Water as human right’ campaign gets global Protestant backing

Published July 6, 2010

“Preserving the world’s water resources, and securing access to water for all, is one of the greatest challenges we face,” says the Ecumenical Water Network.

Grand Rapids/Geneva
Church-backed campaigners on water issues say they have received a boost from a global body representing 80 million Protestants that has called on its members to support access to water as a basic human right.

"Preserving the world’s water resources, and securing access to water for all, is one of the greatest challenges we face," Maike Gorsboth, the Geneva-based coordinator of the secretariat of the Ecumenical Water Network told ENInews.

Gorsboth was speaking after the World Communion of Reformed Churches at its June 18 to 28 founding meeting in Grand Rapids, Michigan, urged its churches to support and adopt a declaration on "Water as a Human Right and a Public Good".

The declaration, drawn up by Swiss and Brazilian churches, urges that "the human right to water be recognized at the local and international level in the same way as the right to adequate food".

It says nations should guarantee everyone access to drinking water, fixing an affordable price, and involve local authorities and communities in decisions on the use of water resources.

"Water is a pressing global concern related to life, dignity, peace and justice," said Gorsboth.

"Hopefully, the WCRC’s recognition of the ecumenical declaration will further strengthen churches’ commitment to this issue."

With some 230 churches in 108 countries, the new Reformed body was formed as a merger of the World Alliance of Reformed Churches and the Reformed Ecumenical Council.

"Everybody from the global North to the global South, India to Africa, Australia to the United States and to Europe, all of them have water concerns," Chukwuemeka Oji from the Ecumenical Water Network told ENInews at the Grand Rapids meeting.

"I hail from Niger Delta region of Nigeria, where there is so much environmental degradation, and so much pollution of the water," through oil exploitation, said Oji.

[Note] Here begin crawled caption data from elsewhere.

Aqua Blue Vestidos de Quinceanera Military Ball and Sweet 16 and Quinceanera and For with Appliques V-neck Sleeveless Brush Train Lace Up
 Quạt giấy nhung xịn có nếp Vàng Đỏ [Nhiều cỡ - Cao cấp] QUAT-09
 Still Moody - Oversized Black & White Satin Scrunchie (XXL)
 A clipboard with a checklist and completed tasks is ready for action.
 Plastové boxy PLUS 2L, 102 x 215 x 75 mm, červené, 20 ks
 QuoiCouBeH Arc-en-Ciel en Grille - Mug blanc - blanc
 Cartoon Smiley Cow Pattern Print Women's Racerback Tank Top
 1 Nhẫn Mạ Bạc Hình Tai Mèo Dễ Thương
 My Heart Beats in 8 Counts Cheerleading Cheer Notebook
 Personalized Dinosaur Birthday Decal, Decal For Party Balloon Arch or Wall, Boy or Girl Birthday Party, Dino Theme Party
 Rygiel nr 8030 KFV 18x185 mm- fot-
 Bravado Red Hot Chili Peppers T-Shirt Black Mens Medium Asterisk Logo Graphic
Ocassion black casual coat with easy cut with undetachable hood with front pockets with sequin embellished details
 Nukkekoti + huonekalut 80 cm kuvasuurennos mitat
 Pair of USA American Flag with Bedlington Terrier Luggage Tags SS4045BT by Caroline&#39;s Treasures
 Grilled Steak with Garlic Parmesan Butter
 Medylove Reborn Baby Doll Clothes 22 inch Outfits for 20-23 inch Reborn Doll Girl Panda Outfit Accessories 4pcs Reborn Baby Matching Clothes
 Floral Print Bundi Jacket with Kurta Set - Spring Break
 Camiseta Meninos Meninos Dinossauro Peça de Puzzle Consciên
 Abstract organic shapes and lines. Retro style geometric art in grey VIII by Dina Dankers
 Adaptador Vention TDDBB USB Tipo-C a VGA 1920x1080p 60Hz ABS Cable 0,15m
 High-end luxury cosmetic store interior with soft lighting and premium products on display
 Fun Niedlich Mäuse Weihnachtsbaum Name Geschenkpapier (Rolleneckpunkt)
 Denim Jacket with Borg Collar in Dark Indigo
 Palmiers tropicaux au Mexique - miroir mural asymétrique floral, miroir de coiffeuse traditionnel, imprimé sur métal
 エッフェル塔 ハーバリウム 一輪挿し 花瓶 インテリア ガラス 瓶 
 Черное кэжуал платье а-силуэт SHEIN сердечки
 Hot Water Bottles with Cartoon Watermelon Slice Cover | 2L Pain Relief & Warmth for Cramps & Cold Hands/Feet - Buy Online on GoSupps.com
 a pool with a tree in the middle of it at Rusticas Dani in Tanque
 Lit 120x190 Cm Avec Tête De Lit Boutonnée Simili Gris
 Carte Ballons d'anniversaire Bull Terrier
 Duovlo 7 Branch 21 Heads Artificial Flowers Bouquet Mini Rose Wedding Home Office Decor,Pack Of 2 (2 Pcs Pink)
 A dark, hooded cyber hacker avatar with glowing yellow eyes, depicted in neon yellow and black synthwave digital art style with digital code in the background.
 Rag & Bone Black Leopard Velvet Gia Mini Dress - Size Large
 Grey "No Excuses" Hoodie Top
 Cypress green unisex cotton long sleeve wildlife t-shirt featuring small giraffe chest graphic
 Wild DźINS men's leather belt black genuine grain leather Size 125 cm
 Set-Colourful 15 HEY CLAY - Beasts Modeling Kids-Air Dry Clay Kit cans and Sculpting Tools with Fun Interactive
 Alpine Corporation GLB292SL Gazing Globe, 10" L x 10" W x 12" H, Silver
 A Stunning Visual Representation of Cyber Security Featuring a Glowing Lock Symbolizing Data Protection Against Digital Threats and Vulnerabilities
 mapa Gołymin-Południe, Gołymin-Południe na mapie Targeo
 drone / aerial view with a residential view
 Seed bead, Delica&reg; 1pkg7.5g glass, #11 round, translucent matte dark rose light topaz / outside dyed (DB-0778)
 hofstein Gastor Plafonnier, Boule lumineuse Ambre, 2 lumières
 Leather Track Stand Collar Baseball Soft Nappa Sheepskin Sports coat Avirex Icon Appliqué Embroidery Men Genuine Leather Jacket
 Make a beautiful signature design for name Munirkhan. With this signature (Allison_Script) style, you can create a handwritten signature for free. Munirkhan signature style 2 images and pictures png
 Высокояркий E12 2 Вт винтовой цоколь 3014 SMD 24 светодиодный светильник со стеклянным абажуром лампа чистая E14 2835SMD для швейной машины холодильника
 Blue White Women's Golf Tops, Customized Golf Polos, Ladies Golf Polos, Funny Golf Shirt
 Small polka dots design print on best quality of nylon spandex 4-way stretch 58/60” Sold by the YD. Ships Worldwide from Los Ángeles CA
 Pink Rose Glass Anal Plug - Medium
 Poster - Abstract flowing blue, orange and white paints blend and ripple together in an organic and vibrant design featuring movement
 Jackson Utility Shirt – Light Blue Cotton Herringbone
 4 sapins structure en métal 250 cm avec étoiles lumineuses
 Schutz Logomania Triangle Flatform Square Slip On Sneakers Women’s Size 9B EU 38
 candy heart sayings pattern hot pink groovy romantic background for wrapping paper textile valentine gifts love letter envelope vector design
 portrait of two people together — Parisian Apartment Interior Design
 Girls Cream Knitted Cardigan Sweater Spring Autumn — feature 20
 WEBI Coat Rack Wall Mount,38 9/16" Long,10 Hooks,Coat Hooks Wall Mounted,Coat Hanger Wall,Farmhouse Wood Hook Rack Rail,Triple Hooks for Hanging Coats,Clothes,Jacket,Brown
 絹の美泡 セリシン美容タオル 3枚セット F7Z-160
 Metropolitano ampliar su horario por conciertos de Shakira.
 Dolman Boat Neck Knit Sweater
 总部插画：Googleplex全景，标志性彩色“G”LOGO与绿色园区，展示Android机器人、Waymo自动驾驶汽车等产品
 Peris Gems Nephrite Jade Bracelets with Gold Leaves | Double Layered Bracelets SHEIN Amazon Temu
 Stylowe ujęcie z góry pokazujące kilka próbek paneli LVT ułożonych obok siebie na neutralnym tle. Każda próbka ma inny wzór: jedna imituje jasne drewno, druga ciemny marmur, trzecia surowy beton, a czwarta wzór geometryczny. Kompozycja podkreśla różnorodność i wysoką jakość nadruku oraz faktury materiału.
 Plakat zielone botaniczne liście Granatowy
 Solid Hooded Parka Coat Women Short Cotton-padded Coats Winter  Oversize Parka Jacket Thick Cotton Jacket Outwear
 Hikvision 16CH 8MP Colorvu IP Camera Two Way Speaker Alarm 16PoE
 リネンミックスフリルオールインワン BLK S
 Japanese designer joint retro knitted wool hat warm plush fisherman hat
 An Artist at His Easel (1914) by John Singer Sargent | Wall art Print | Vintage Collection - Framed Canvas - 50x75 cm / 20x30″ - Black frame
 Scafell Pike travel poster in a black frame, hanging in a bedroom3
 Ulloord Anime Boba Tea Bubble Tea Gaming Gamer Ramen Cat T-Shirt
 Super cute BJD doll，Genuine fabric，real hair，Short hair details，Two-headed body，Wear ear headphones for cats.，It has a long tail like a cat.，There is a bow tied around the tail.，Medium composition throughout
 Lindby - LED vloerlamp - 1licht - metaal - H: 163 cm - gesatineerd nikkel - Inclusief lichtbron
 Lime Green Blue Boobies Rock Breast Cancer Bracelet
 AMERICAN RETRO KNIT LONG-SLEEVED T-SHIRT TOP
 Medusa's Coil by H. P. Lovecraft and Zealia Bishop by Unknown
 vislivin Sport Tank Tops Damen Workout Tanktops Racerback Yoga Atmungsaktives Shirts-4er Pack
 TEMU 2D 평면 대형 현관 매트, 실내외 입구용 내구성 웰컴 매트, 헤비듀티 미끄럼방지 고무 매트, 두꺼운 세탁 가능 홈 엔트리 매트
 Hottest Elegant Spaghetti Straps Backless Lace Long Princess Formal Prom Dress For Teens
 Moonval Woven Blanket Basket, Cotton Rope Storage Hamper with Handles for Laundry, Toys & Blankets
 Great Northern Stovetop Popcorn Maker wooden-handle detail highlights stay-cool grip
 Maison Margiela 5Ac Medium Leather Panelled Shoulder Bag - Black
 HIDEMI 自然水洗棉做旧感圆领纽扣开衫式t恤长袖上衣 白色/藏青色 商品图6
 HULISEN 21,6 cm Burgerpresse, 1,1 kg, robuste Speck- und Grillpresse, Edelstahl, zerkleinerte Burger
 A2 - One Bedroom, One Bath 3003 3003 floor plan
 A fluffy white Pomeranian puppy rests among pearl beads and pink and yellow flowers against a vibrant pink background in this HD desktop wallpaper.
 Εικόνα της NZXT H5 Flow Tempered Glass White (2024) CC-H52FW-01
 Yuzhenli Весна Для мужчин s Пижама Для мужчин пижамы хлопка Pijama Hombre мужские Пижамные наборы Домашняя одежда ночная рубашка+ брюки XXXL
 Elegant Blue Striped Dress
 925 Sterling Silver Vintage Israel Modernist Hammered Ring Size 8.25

He belongs to the Presbyterian Church of Nigeria’s "Preach Water Foundation", launched in December 2009, which works to raise awareness on water issues.

The Ecumenical Water Network was formed by Christian agencies and movements to raise the awareness of churches about the urgency of issues linked to water.

About 1.1 million people in the world lack access to clean water, said Oji.

The United Nations’ Millennium Development Goals call for the proportion of people without sustainable access to safe drinking water and basic sanitation to be halved by 2015.

Gorsboth said the water network is planning a campaign for 2011 to highlight the links between water and a "just peace". It is intended to contribute to an international church "peace convocation" in Jamaica in May 2011.